**Task to carry out:** In the data below, locate the line containing "Fabric Curation, Navy/Grey" and the line containing "Flasche von SanaExpert", then retype both and everything between them exactly. Pictures are not part of the copy.

**Dataset excerpt:**
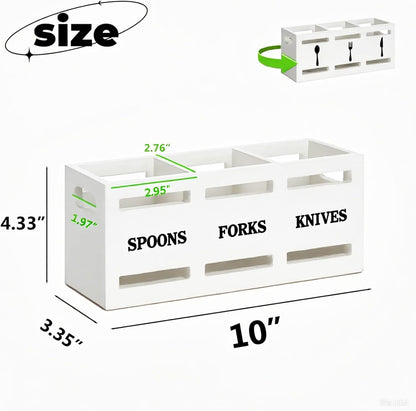 Kitchen Utensil Holder Wooden Cutlery Holder Silverware Containers | Black Utensil Caddy Cutlery Organizer 3 Compartment Tools Organizer for Kitchen Counter Spoons Forks Knives Tools Storage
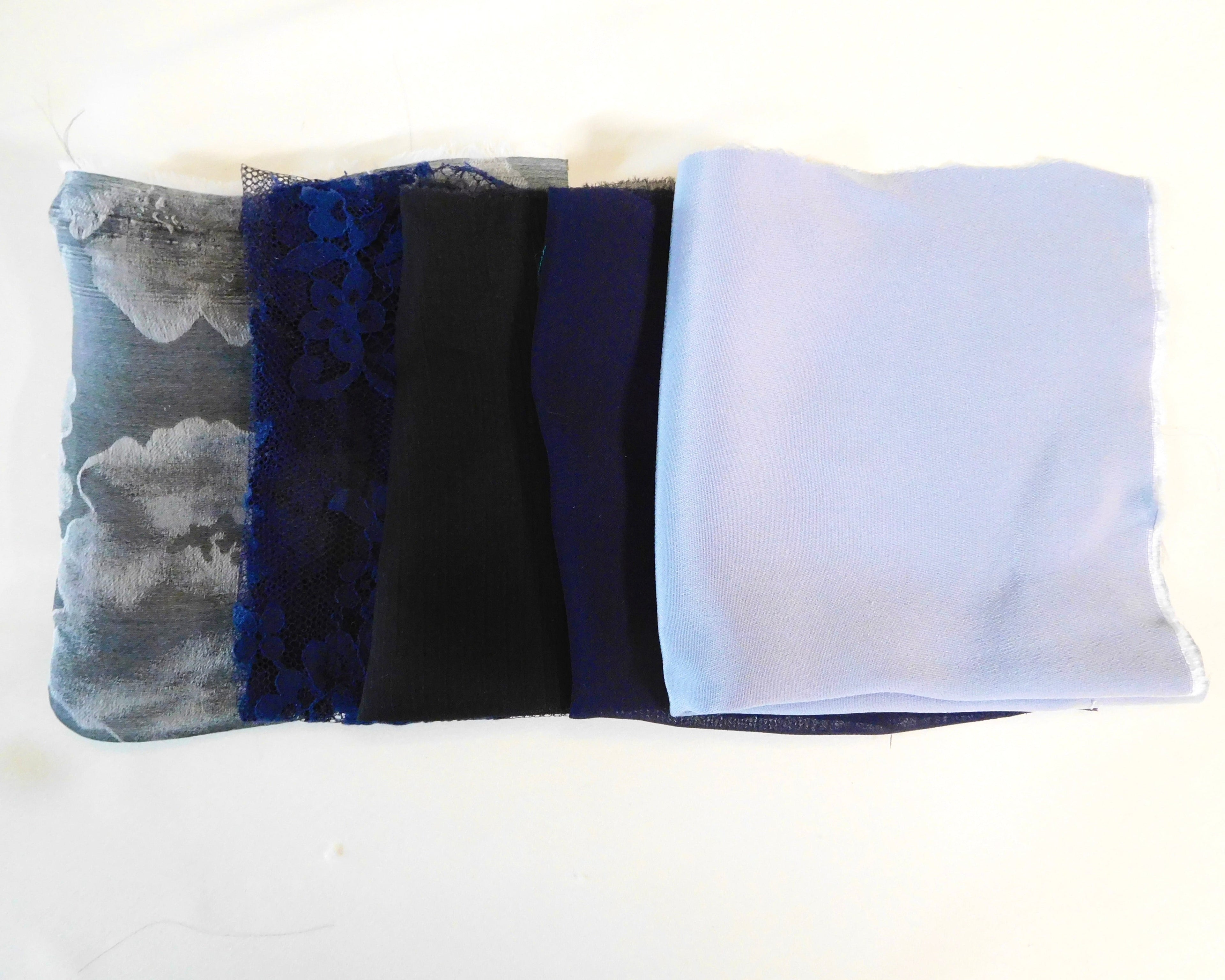 Fabric Curation, Navy/Grey Hues, 5 Fat Quarters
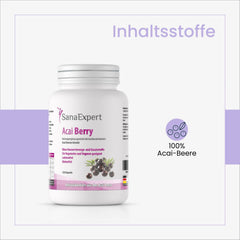 Flasche von SanaExpert Acai Berry mit 120 Kapseln auf purpurnem Hintergrund, neben der Flasche sind Inhaltsstoffinformationen abgebildet.
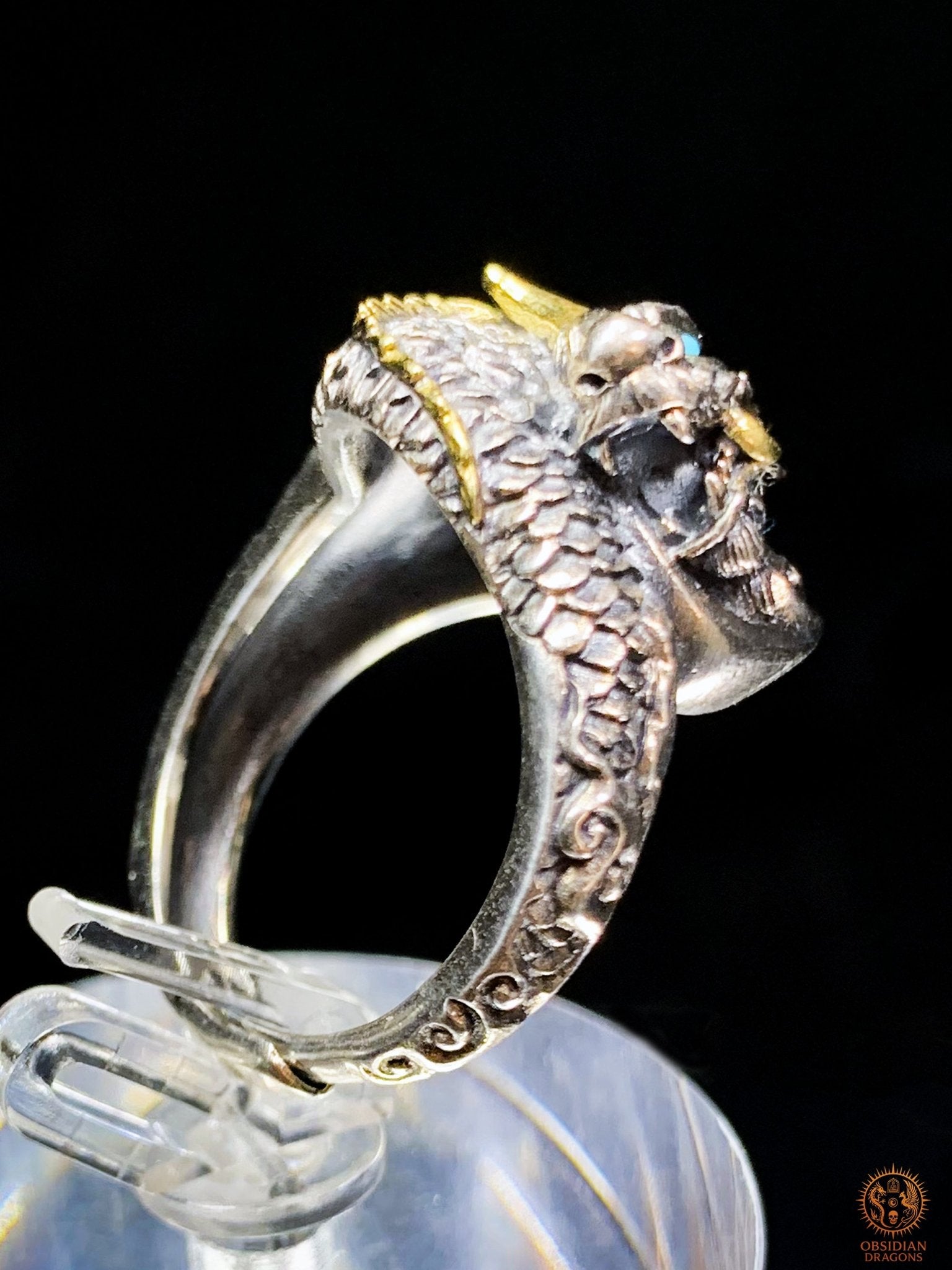 Bague Dragon - pulao - argent 925 - Protection Feng Shui | obsidian dragons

**Answer to this exercise:**
 Fabric Curation, Navy/Grey Hues, 5 Fat Quarters
 Flasche von SanaExpert Acai Berry mit 120 Kapseln auf purpurnem Hintergrund, neben der Flasche sind Inhaltsstoffinformationen abgebildet.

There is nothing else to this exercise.